The report concludes that she had a "powerful motive" to hide her law firm billings for work she did in Little Rock, Arkansas, on property developments now known collectively as Whitewater.

The billings had been subpoenaed by the committee two years ago, but were missing until they turned up mysteriously earlier this year in the White House. An aide to Mrs Clinton said she found them on a table in the presidential living quarters.

The Republicans suggested that Mrs Clinton may have wanted to conceal her knowledge of a fraudulent land development called Castle Grande in Arkansas. Last week a former employee of a failed bank involved in the development, Mr Don Dent on, claimed that she had summarily dismissed his warning that her dealings could be improper.

The majority report says that her "billing records and the evidence indicate that Mrs Clinton either had knowledge of or consciously avoided the fact that the Castle Grande transaction potentially violated bank regulations.
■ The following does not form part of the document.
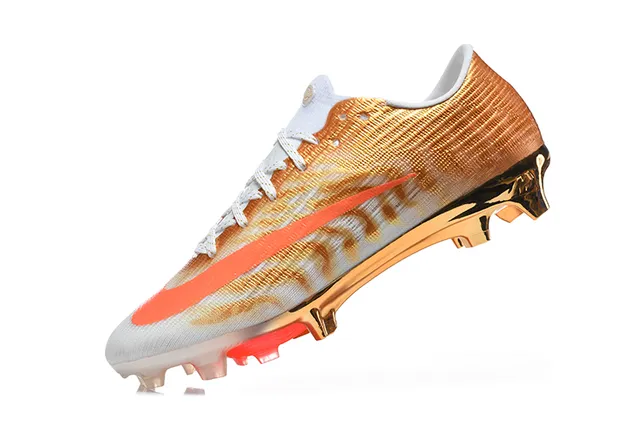 Nike Gold Orange Metallic Knit Upper Swoosh Accent Firm-Ground Soccer Shoes 4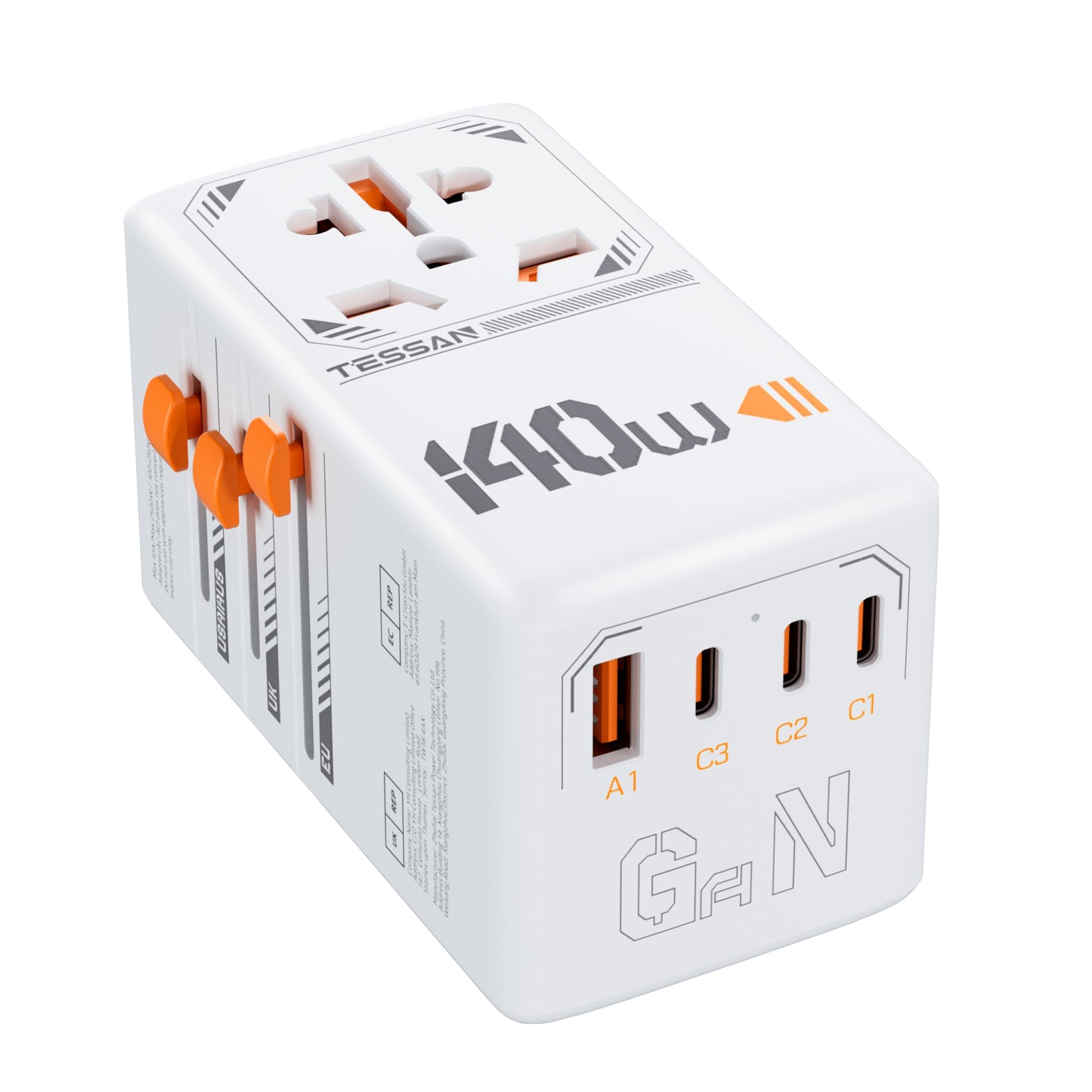 TESSAN Universal Travel Adapter Worldwide 140W, GaN International Plug Adaptor with 1 USB A and 3 USB C Charging Ports, Power Outlet for US to Europe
That knowledge provides a powerful motive to protect the billing records from careful scrutiny by investigators," the report says.

The Democratic minority, relieved that nothing more incriminating has emerged from the 14 months of hearings, criticised the report as a "blatantly political game of tag". They accused the Republicans of making irresponsible claims of possible obstructions of justice".

A White House spokesman dismissed the Republican accusations as "nothing new". He praised the Democratic dissenting report as a "powerful document that puts into context what the committee has done at great expense to the taxpayers for no other reason than to do political damage to the President."

The release of the Senate committee report is seen as an anticlimax, as virtually all its findings have been known before and much of it was heavily leaked at the weekend.

The fact that after 14 months of investigation, no proof could be found of actual wrongdoing by the President or the First Lady will be a boost for Mr Clinton. But he faces the start of new Senate hearings later this week into the so called "Filegate" affair concerning the abuse by the White House of confidential FBI files on Republican opponents.